Figure 3Simulations of 13 weeks of anakinra therapy (Blue line) or placebo (Red line). Upper Left: Improvements in Insulin secretory capacity. Upper Right: Improvements in β-cell mass. Lower Left: PI/I data and simulations. Lower Right: HbA1c data and simulations. Upper panels were simulated in Copasi, lower panels were taken from [1].

However, the key factor in linking the therapy to the clinical response is not fully understood. How then does the reduction in IL-1βRa modulation affect a combination of both facets seen in figure 2? To explore the contributions of each element of IL-1βRa response, the authors simulated separate cases for an improvement in either β-cell function or mass (figure 4). The model predicts that whilst increasing the β-cell mass alone has little effect upon short-term HbA1c or fasting plasma glucose, improvements in β-cell function produce a substantial decrease in both clinical markers.

Figure 4

Figure 4HbA1c response to separate improvements in β-cell function (yellow) or β-cell mass (green) over two years of the anakinra treatment regimen. Figure taken from [1].


The concluding thoughts on this are that the relatively fast benefit in glycaemic control is seen by inhibiting IL-1βRa's modulatory effect upon β-cell function through improvements in the insulin secretory capacity and the slowing of further IL-1β release. A further but less pronounced long-term benefit is likely seen through IL-1βRa's effect upon β-cell mass which could be significant only after multiple treatment episodes such as that simulated in figure 4. The model helps to understand the differences between elements of IL-1βRa blockade but also emphasises the synergistic action responsible for a full clinical response in patients. Perhaps then, in non-responsive patients, the model could be purposed to dissect if and how an individual fails to respond to a specific piece of IL-1βRa modulation by assessing the nature of their response. Finally QSP models like this continue to provide a quantitative interface between regimen optimisation and clinical endpoints for clinical use and trial design.

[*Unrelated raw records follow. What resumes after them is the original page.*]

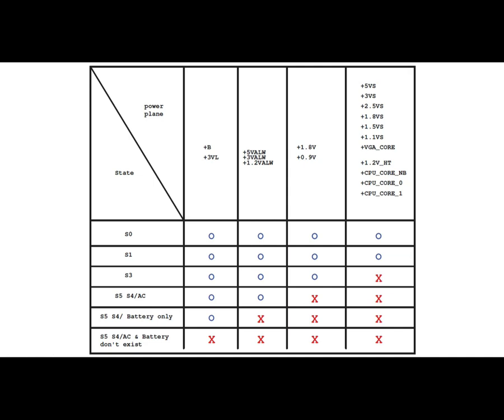The RAM has basically two kinds of power: the main power and the power for VTT or for terminals. For DDR1, the power is 2.5 volts and 1.25 volts for terminals. DDR2 has 1.8 volt and 0.9 volt — always half of the main power. For DDR3, 1.5 volt and 0.75 volt. For DDR4, 1.2 volt and 0.6 volt for VTT. And for DDR5, 1.1 volt as main power and 0.55 volt as VTT.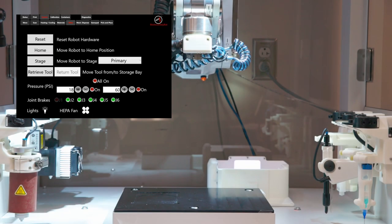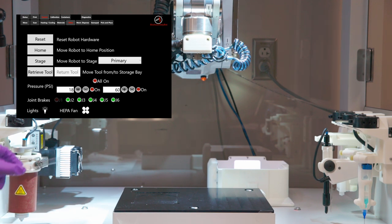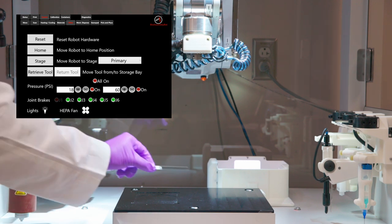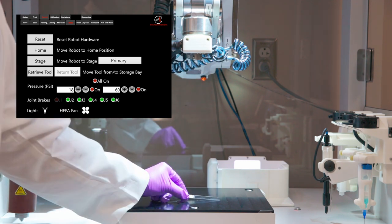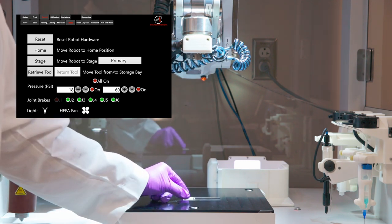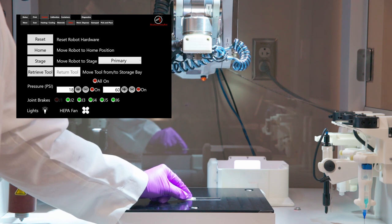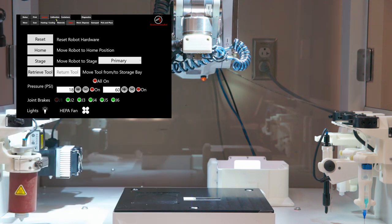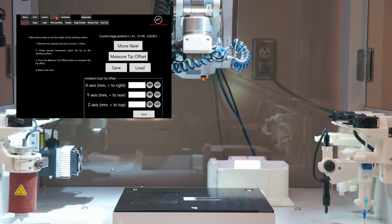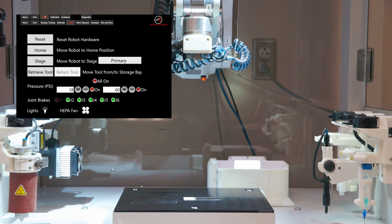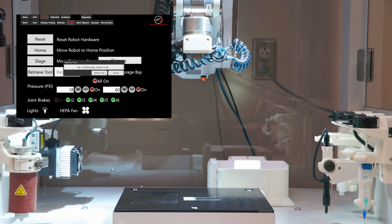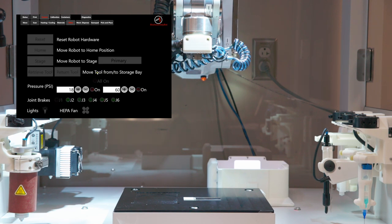Click on return tool and choose the bay one for ambient tool and click return. Now we will be printing on a glass slide. Place the glass slide or appropriate print surface on the stage. Now click on calibration menu. Click on tip offset. Here we are going to measure the tip offset by following these instructions. Go to control menu and click on other and retrieve the tool. Select the printhead we will be working with and click retrieve tool.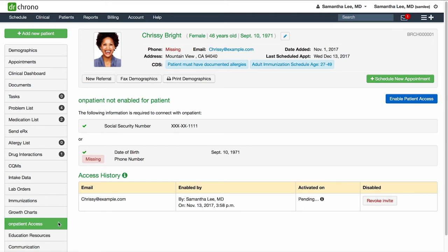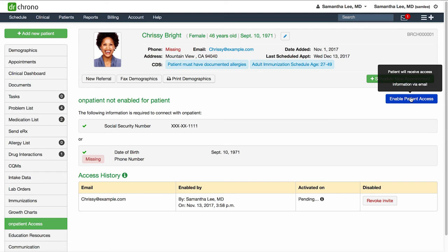Then click enable patient access. This will send your patient the email invitation to connect with you on onpatient.com. Next, your patient will click the link, verify their identity, and activate their onpatient account.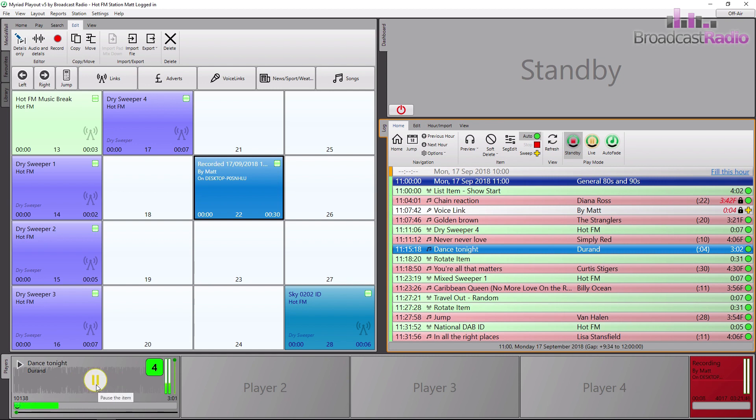When you've finished, again click on the eject icon and choose whether to save or not. When you click on yes, Myriad 5 playout will automatically jump to the newly recorded piece of audio on the media wall.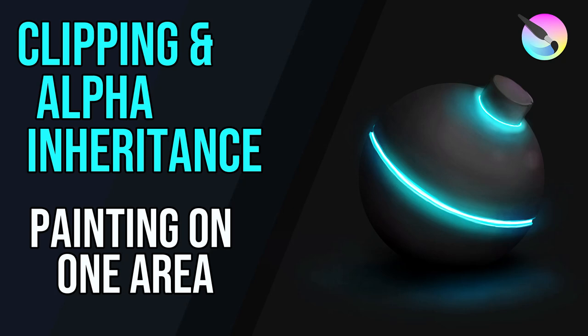Hello and welcome to Gabbitt Media. I'm Grant Abbott and today we're looking at clipping masks as it's known in Photoshop. In Krita we call it Alpha Inheritance and that's basically just drawing on one area of your image.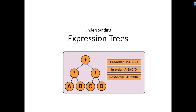Hello everyone. In this video we are going to understand what are expression trees. Expression trees are a kind of data structure which is basically used to represent mathematical expressions. When we describe an expression using this data structure, it will take the shape of a tree. Mathematical expressions can be easily represented using expression trees, and then we can do different kinds of traversing to get different forms of these expressions.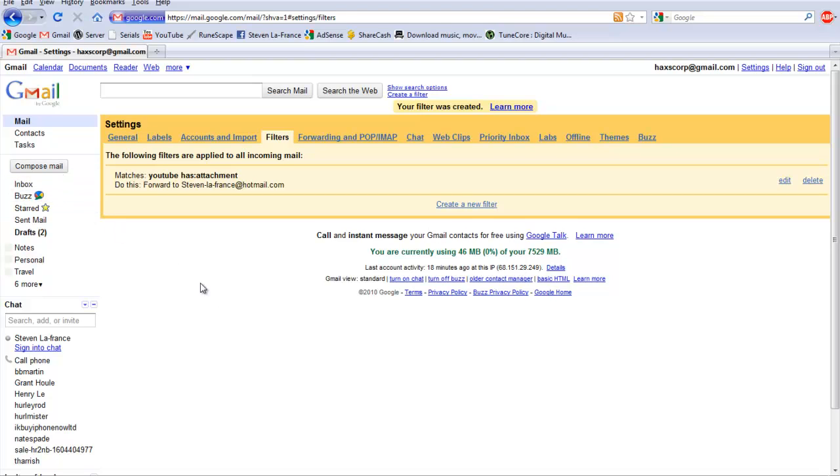There you go, and that's how you would email forward in Gmail. It's pretty much the same setup in Hotmail and AOL and all that stuff as well.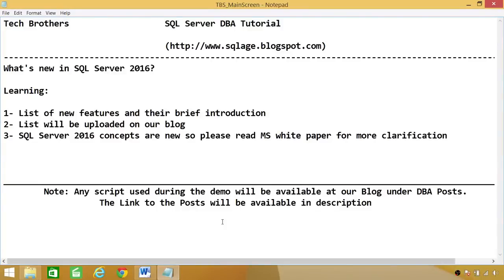Welcome to Tech Brothers. In this video, we're going to learn what's new in SQL Server 2016. SQL Server 2016 CTP is released. In this demo, we'll be learning a list of new features and their brief introduction.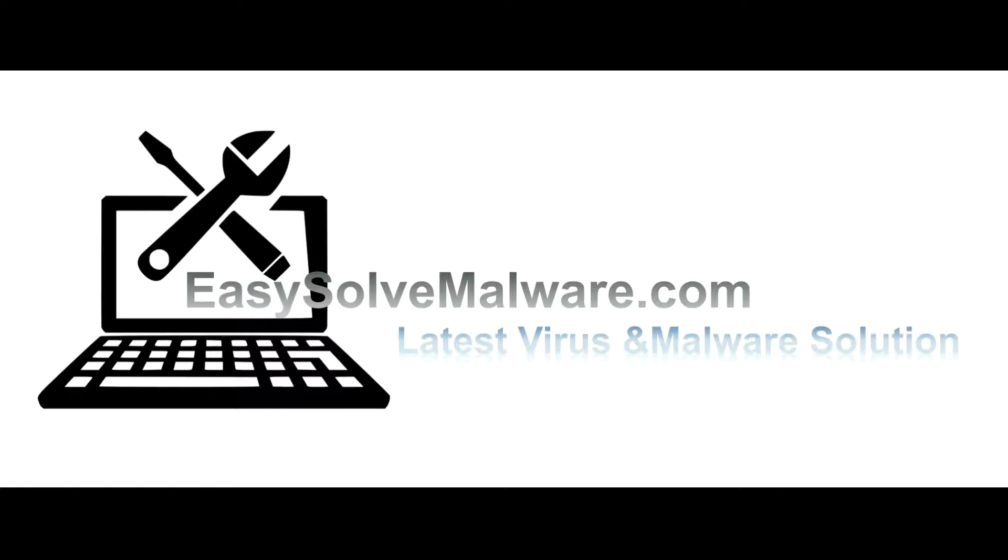That's all. Thank you for watching the video from easy-solve-malware.com. We hope it solves your problem.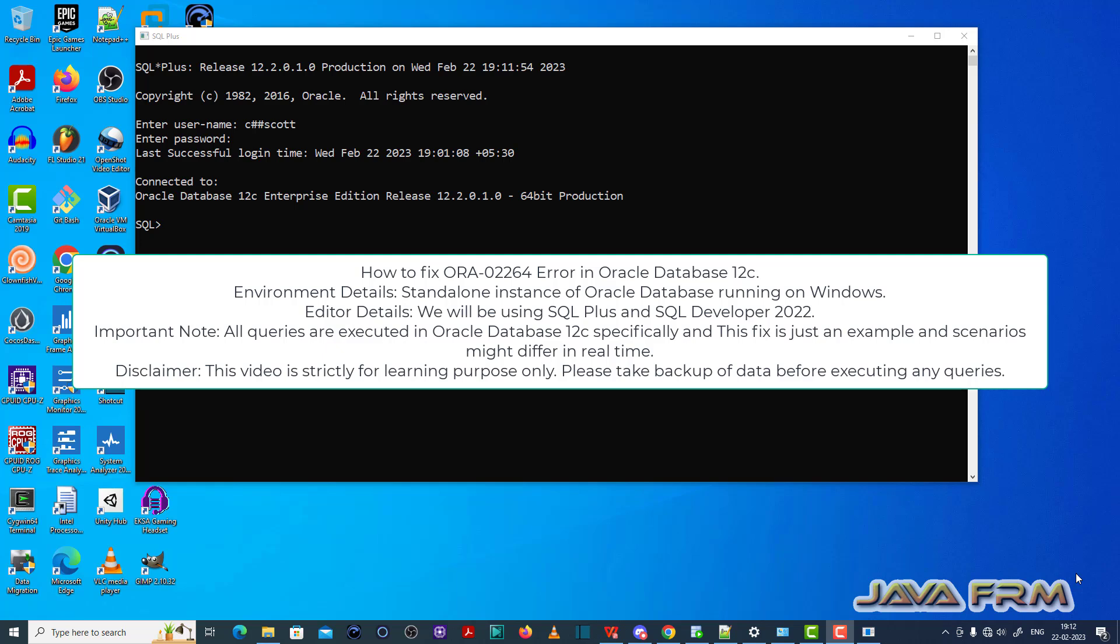Welcome to Java Forum. Now I am going to show you how to fix ORA-02264 error in Oracle Database SQL Plus.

  1. Palmér, R. et al. Effects of IL-1β–Blocking Therapies in Type 2 Diabetes Mellitus: A Quantitative Systems Pharmacology Modeling Approach to Explore Underlying Mechanisms. CPT: pharmacometrics & systems pharmacology 3.6 (2014): 1-8.
  2. De Gaetano, A. et al. Mathematical models of diabetes progression. Am. J. Physiol. Endocrinol. Metab. 2008 Dec; 295(6): E1462-79.
  3. Larsen, C.M. et al. Interleukin-1-receptor antagonist in type 2 diabetes mellitus. N. Engl. J.Med. 356, 1517-1526 (2007).
  4. Larsen, C.M. et al. Sustained effects of interleukin-1 receptor antagonist treatment in type 2 diabetes. Diabetes Care 32, 1663-1668 (2009).